** Dataset excerpt follows **

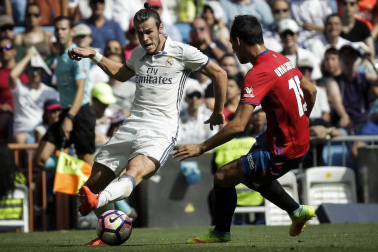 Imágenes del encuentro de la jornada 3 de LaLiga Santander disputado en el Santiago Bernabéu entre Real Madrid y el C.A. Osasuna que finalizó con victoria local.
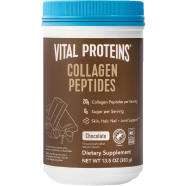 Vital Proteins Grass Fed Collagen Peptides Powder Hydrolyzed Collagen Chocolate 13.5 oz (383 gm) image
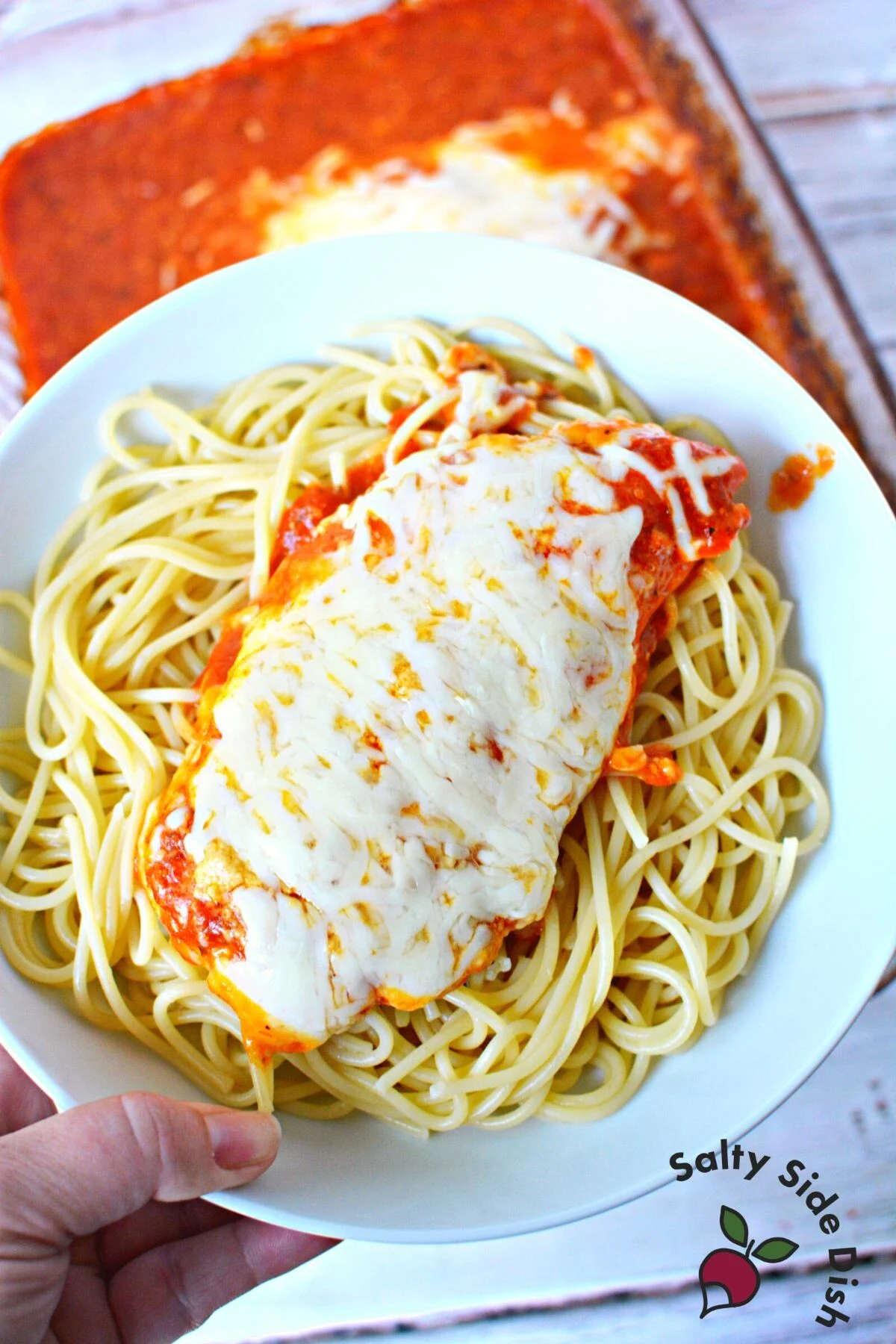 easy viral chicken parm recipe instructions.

** End of Dataset excerpt **

_The task_
Write the material out again exactly as it appears, dropping the pictures.

_Exercise answer_
 Imágenes del encuentro de la jornada 3 de LaLiga Santander disputado en el Santiago Bernabéu entre Real Madrid y el C.A. Osasuna que finalizó con victoria local.
 Vital Proteins Grass Fed Collagen Peptides Powder Hydrolyzed Collagen Chocolate 13.5 oz (383 gm) image
 easy viral chicken parm recipe instructions.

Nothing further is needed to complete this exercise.